Figure 1c is the temporal variation of observed and simulated wind speed near the ground surface layer from 0000 LST 6 November to 0600 LST 8 November at Wuqing Station, Tianjin. It can be seen that the temporal evolution trend of observed and simulated wind speed is relatively consistent, both of them with low values from 0600 LST 6 November to 0600 LST 7 November, increasing after 0600 LST 7 November with values exceeding 2 m s^-1, and reducing after 1500 LST. Meanwhile, at this time, the simulated wind speed was obviously larger than observed. The observed and simulated wind speed both increased rapidly as the cold air invaded at 0000 LST 8 November; the corresponding visibility also increased and the fog dissipated.

According to (Cotton and Anthes, 1993), the range of the FWC should be 0.05-0.2 g kg^-1, but varies with different geographical features and fog formation conditions. This work takes the FWC of 0.05 g kg^-1 as the lower critical value of the fog region, with no limit to the upper critical value.

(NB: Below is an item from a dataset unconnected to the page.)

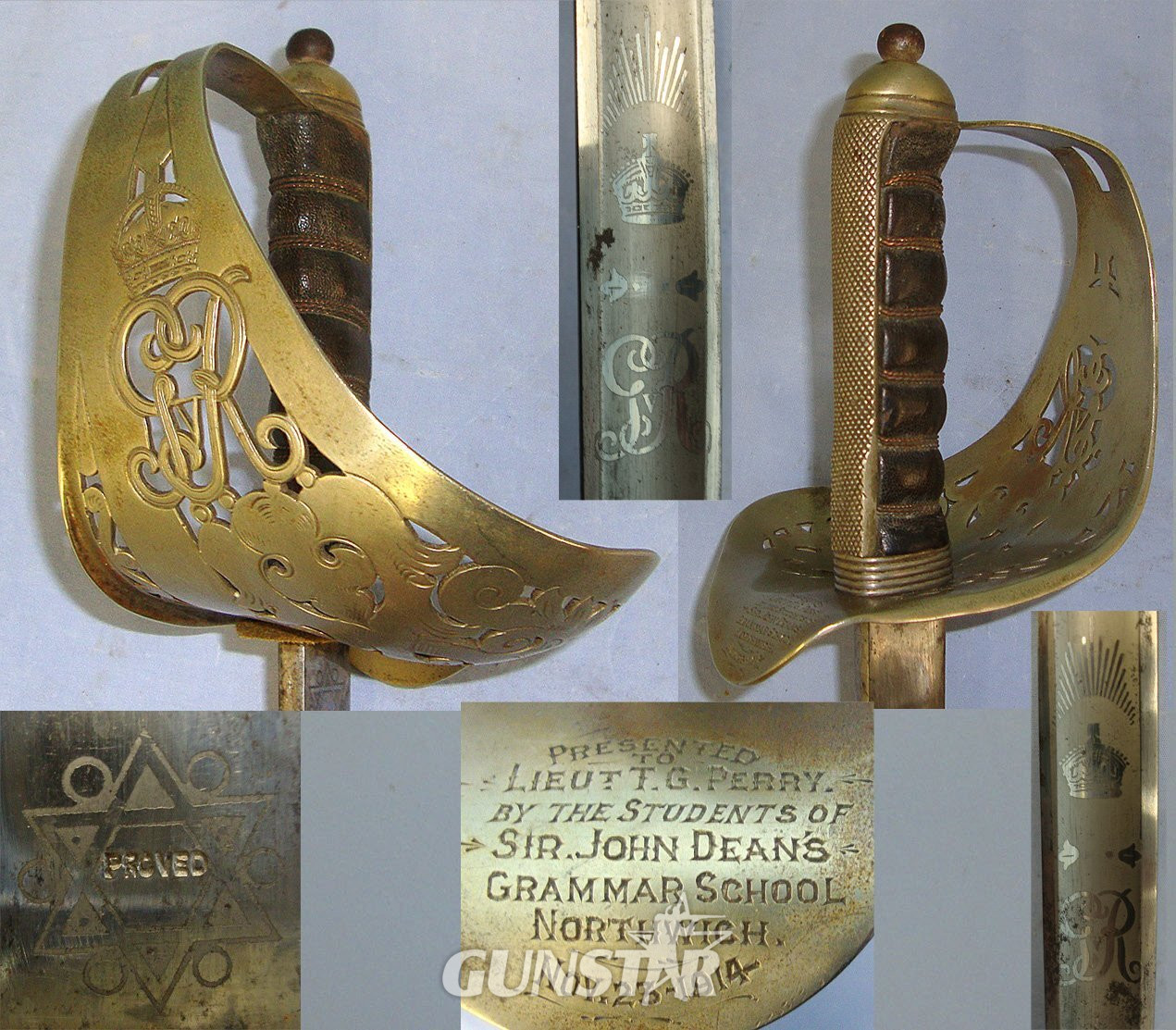 WW1 Era British 1897 Pattern Infantry Officer’s Presentation Sword With King George V Guard Inscribed ‘Presented to Lieut T G Perry by the students of Sir John Deans Grammar School Northwich, Nov 23 1914’ & Leather Covered Field Service Scabbard. ED Sword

The simulated spatial distribution of the FWC was compared using the satellite-derived fog areas at 1012 LST 6 November and 0946 LST 7 November 2009. The results, presented in Fig. 2, show that the simulated fog areas were consistent with observations in the Beijing-Tianjin region.

Figure 3 presents the time-height cross section of observed and simulated temperature at the observation site from 1730 LST 6 November to 1300 LST 8 November at Wuqing Station, Tianjin, with the blue line in Fig. 3 representing the inversion height. As can be seen from Fig. 3a, from 1730 LST 6 November to 0230 LST 8 November, the observed temperature inversion appeared at about 800 m and increased to 1400 m between 0230 LST and 1430 LST 7 November. After then, the inversion height gradually reduced to 800 m at 1430 LST 7 November, 400 m at 0000 LST, and 200 m at 0230 LST 8 November. Compared with the observation, the simulated temperature showed similar features: At first, the temperature inversion appeared at 800-1000 m above the ground, and then increased to 1200 m at 0700 LST 7 November. After then, the inversion layer showed a gradually reducing trend. However, the simulated inversion height was not consistent with the observed.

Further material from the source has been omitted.